Money well spent BUT I gotta figure out the ideal spot for it.

Here's what I got:

https://www.amazon.com/dp/B000G0LDRI/?tag=hearthamazon-20


----------



## alternativeheat (Dec 24, 2016)

Nice ! I've considered this one myself, maybe one when the one we own dies but meanwhile, glad it's working for you !


----------



## dozerdean (Dec 24, 2016)

I have a large unit in living area &  a  small room size in bedroom. They run nonstop that's the way I set them. Yes they do make a difference! Merry Christmas!!


----------



## mudeprived (Dec 24, 2016)

alternativeheat said:


> Nice ! I've considered this one myself, maybe one when the one we own dies but meanwhile, glad it's working for you !

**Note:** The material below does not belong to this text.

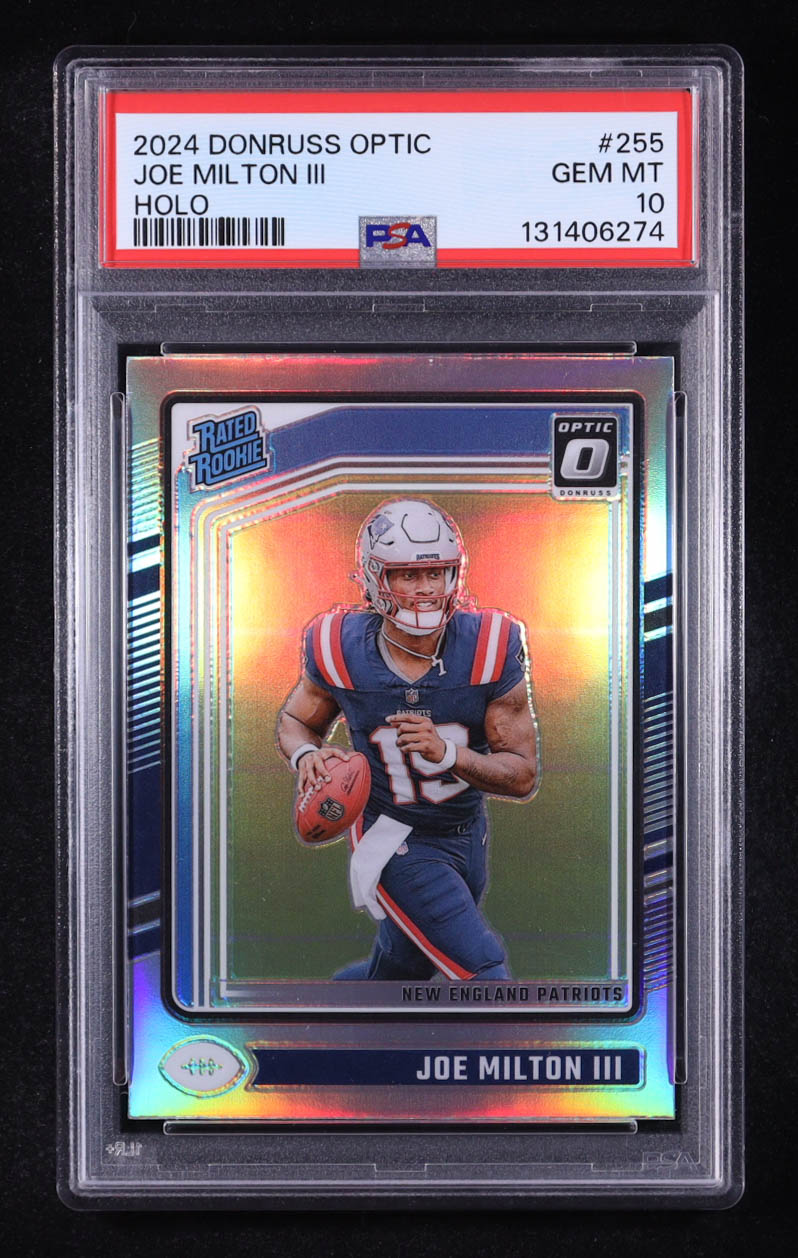 Joe Milton III 2024 Donruss Optic Holo #255 RR (PSA 10) at PristineAuction.com Joe Milton III 2024 Donruss Optic Holo #255 RR (PSA 10) at PristineAuction.com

Had a little scare this morning. I went to check on it before leaving for work and noticed it was off. I could not get it to turn back on and thought it was broke. Then I checked the two gallon containers and they were bone dry. It shuts down when empty. I did not expect it to put out two gallons in 14 hours on its lowest setting. Wow.

I woke up to 40% humidity which was nice.


----------



## bags (Dec 24, 2016)

dozerdean said:


> I have a large unit in living area &  a  small room size in bedroom. They run nonstop that's the way I set them. Yes they do make a difference! Merry Christmas!!



You have a good one too, Dean


----------



## DneprDave (Dec 24, 2016)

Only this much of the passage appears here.